EXERCISE BRIEF:
Skip the pictures and restate, word for word, the lines from the one containing "15.80 15.51" to the end of the data below.

(Caption-style text data)
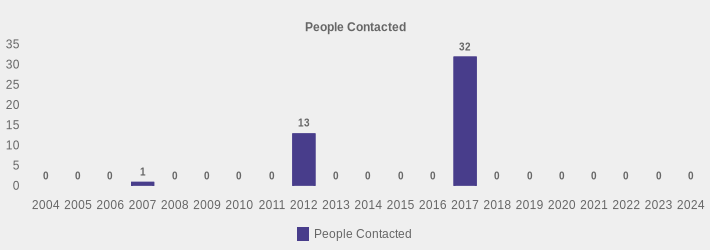 People Contacted (People Contacted:2004=0,2005=0,2006=0,2007=1,2008=0,2009=0,2010=0,2011=0,2012=13,2013=0,2014=0,2015=0,2016=0,2017=32,2018=0,2019=0,2020=0,2021=0,2022=0,2023=0,2024=0|)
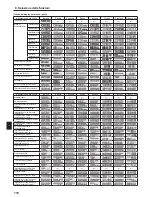 Предварительный просмотр 116 страницы Mitsubishi Electric CITY MULTI PCFY-P-VKM-E Operation Manual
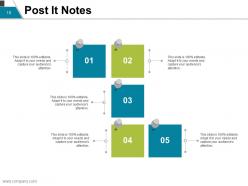 Planning framework powerpoint presentation slides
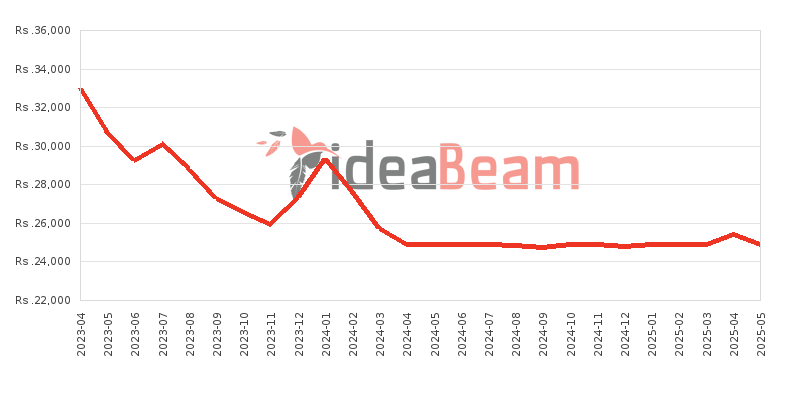 Samsung Galaxy A04e Price History in Sri Lanka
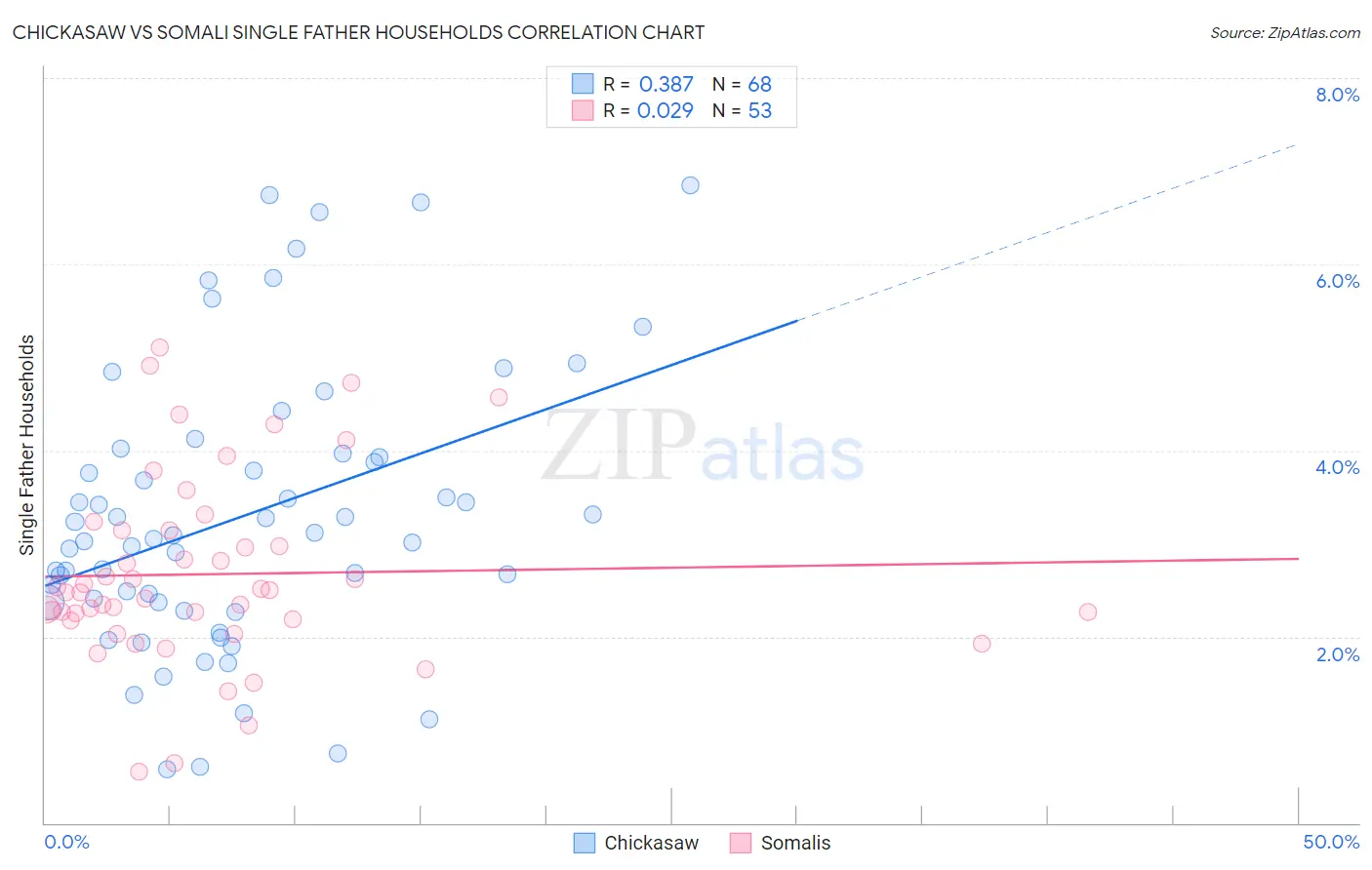Chickasaw vs Somali Single Father Households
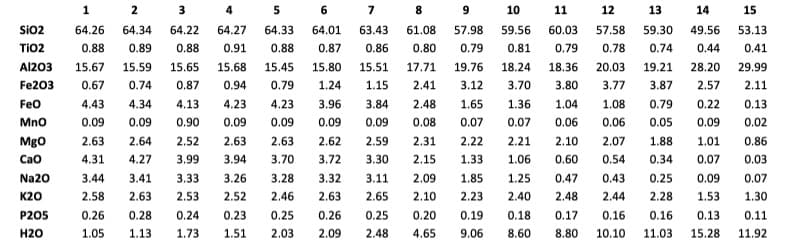 1
SiO2
64.26
TiO2
0.88 0.89 0.88
A1203 15.67 15.59 15.65
Fe203 0.67 0.74 0.87
FeO
MnO
MgO
Cao
2
3
4
64.34 64.22 64.27
5
6
7
8
64.33
64.01 63.43
61.08
0.87 0.86 0.80
0.91 0.88
15.45
15.68
15.80 15.51
0.94
0.79
1.24
4.23 3.96
4.43 4.34 4.13 4.23
0.09 0.09 0.90 0.09
2.63
2.64 2.52 2.63
0.09
0.09
2.63
2.62
4.31
4.27 3.99
3.94
3.70
3.72
3.44 3.41 3.33 3.26
3.28
3.32
2.63 2.53
2.52 2.46
2.63
2.58
0.26 0.28
0.26
1.05 1.13 1.73 1.51
2.03 2.09
Na20
K20
P205
H20
0.24 0.23 0.25
9
10
11
12
13
14
15
57.98
59.56
60.03 57.58 59.30
49.56
53.13
0.74 0.44
0.41
0.79 0.81 0.79 0.78
19.76 18.24 18.36 20.03 19.21 28.20 29.99
2.11
0.13
3.70 3.80 3.77 3.87 2.57
1.65 1.36 1.04 1.08 0.79 0.22
0.07 0.07 0.06 0.06 0.05
0.09
2.22
2.21 2.10 2.07 1.88 1.01
1.33 1.06 0.60 0.54 0.34 0.07
0.02
1.85
1.25 0.47 0.43 0.25 0.09
2.23
2.40
2.48
2.44
2.28
1.53
0.25
0.20
0.19
0.18
0.17
0.16
0.16
0.13
2.48 4.65 9.06 8.60 8.80
10.10 11.03
15.28
17.71
2.41 3.12
2.48
0.08
1.15
3.84
0.09
2.59 2.31
3.30
2.15
3.11
2.09
2.65 2.10
0.86
0.03
0.07
1.30
0.11
11.92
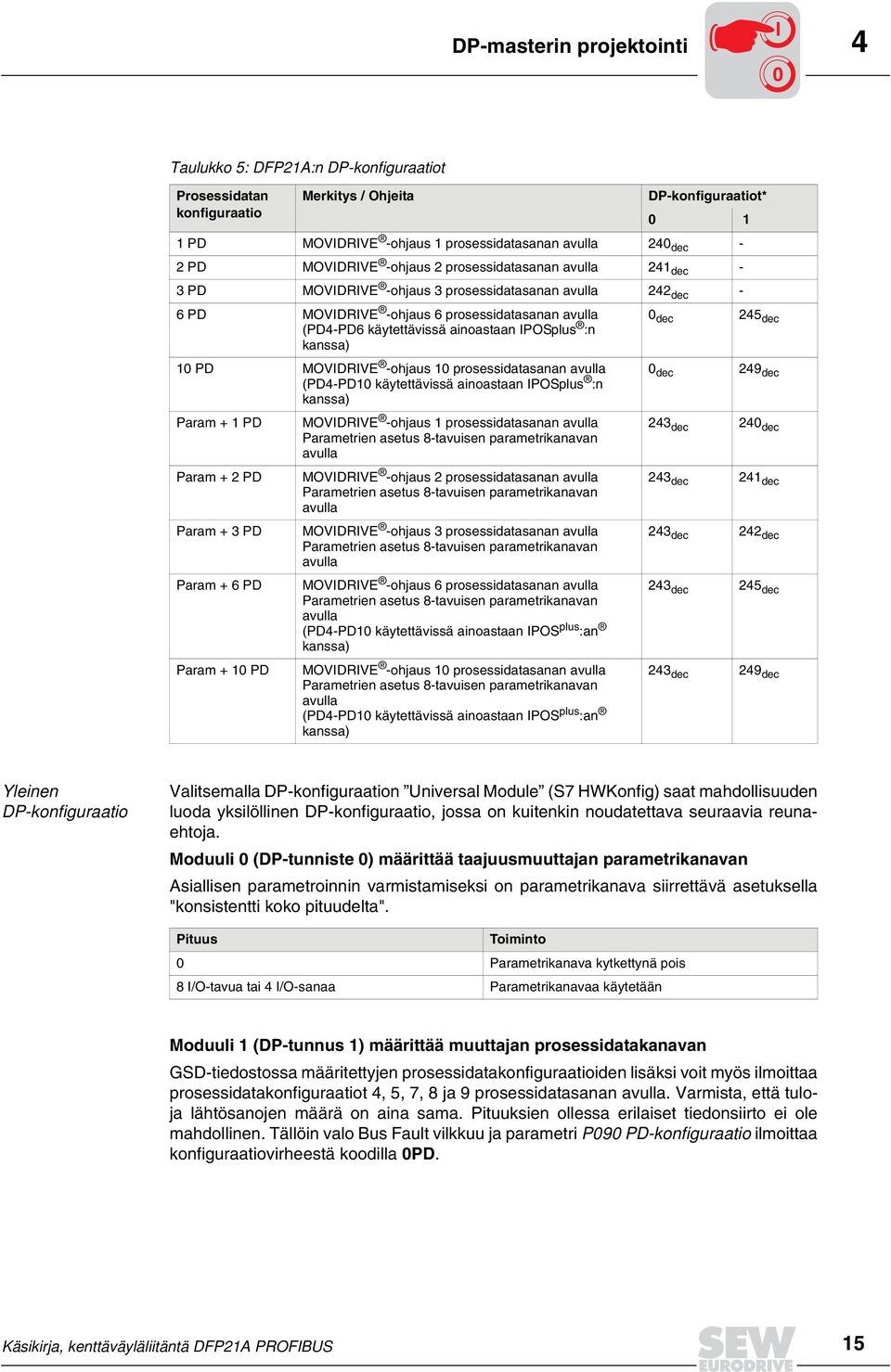 POSplus :n kanssa) dec 245 dec 1 PD MOVDRVE -ohjaus 1 prosessidatasanan avulla (PD4-PD1 käytettävissä ainoastaan POSplus :n kanssa) Param + 1 PD Param + 2 PD Param + 3 PD Param + 6 PD Param + 1 PD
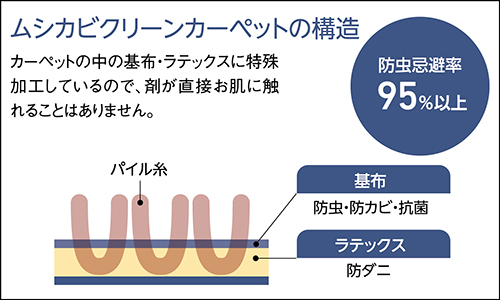 ムシカビクリーンカーペット - アスワン株式会社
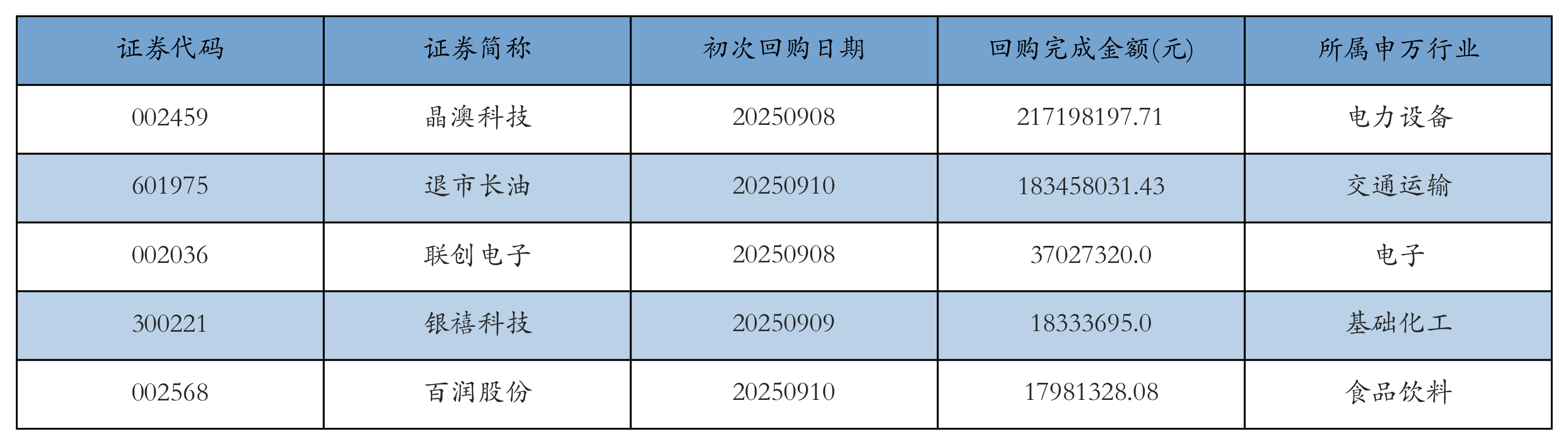 胜宏科技上周获融资资金买入超230亿元丨资金流向周报
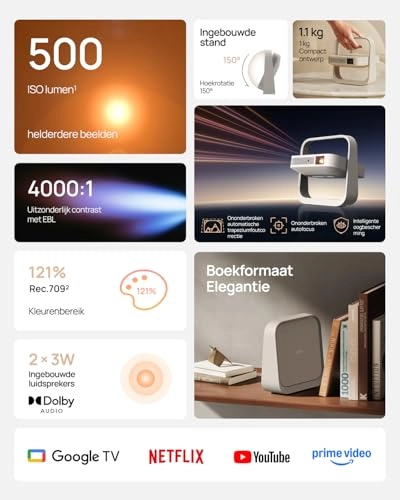 Elfin Flip Plus 500 ISO Lumens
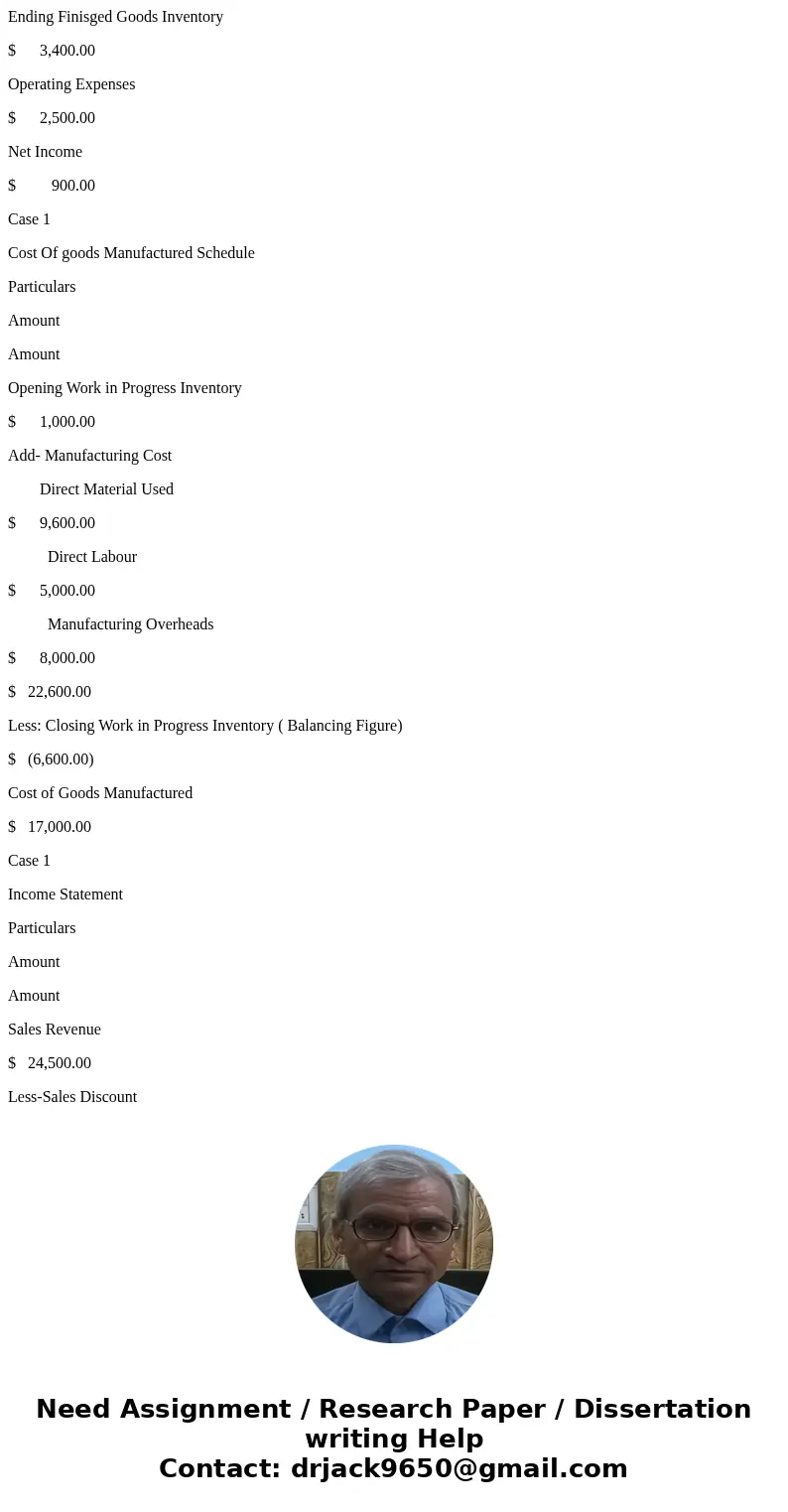  Indicate the missing amount. Case Direct materials used Direct labor Manufacturing overhead Total manufacturing costs Beginning work in process inventory Endin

WRITTEN SOLUTION:
15.80 15.51
0.94
0.79
1.24
4.23 3.96
4.43 4.34 4.13 4.23
0.09 0.09 0.90 0.09
2.63
2.64 2.52 2.63
0.09
0.09
2.63
2.62
4.31
4.27 3.99
3.94
3.70
3.72
3.44 3.41 3.33 3.26
3.28
3.32
2.63 2.53
2.52 2.46
2.63
2.58
0.26 0.28
0.26
1.05 1.13 1.73 1.51
2.03 2.09
Na20
K20
P205
H20
0.24 0.23 0.25
9
10
11
12
13
14
15
57.98
59.56
60.03 57.58 59.30
49.56
53.13
0.74 0.44
0.41
0.79 0.81 0.79 0.78
19.76 18.24 18.36 20.03 19.21 28.20 29.99
2.11
0.13
3.70 3.80 3.77 3.87 2.57
1.65 1.36 1.04 1.08 0.79 0.22
0.07 0.07 0.06 0.06 0.05
0.09
2.22
2.21 2.10 2.07 1.88 1.01
1.33 1.06 0.60 0.54 0.34 0.07
0.02
1.85
1.25 0.47 0.43 0.25 0.09
2.23
2.40
2.48
2.44
2.28
1.53
0.25
0.20
0.19
0.18
0.17
0.16
0.16
0.13
2.48 4.65 9.06 8.60 8.80
10.10 11.03
15.28
17.71
2.41 3.12
2.48
0.08
1.15
3.84
0.09
2.59 2.31
3.30
2.15
3.11
2.09
2.65 2.10
0.86
0.03
0.07
1.30
0.11
11.92
 POSplus :n kanssa) dec 245 dec 1 PD MOVDRVE -ohjaus 1 prosessidatasanan avulla (PD4-PD1 käytettävissä ainoastaan POSplus :n kanssa) Param + 1 PD Param + 2 PD Param + 3 PD Param + 6 PD Param + 1 PD
 ムシカビクリーンカーペット - アスワン株式会社
 胜宏科技上周获融资资金买入超230亿元丨资金流向周报
 Elfin Flip Plus 500 ISO Lumens
  Indicate the missing amount. Case Direct materials used Direct labor Manufacturing overhead Total manufacturing costs Beginning work in process inventory Endin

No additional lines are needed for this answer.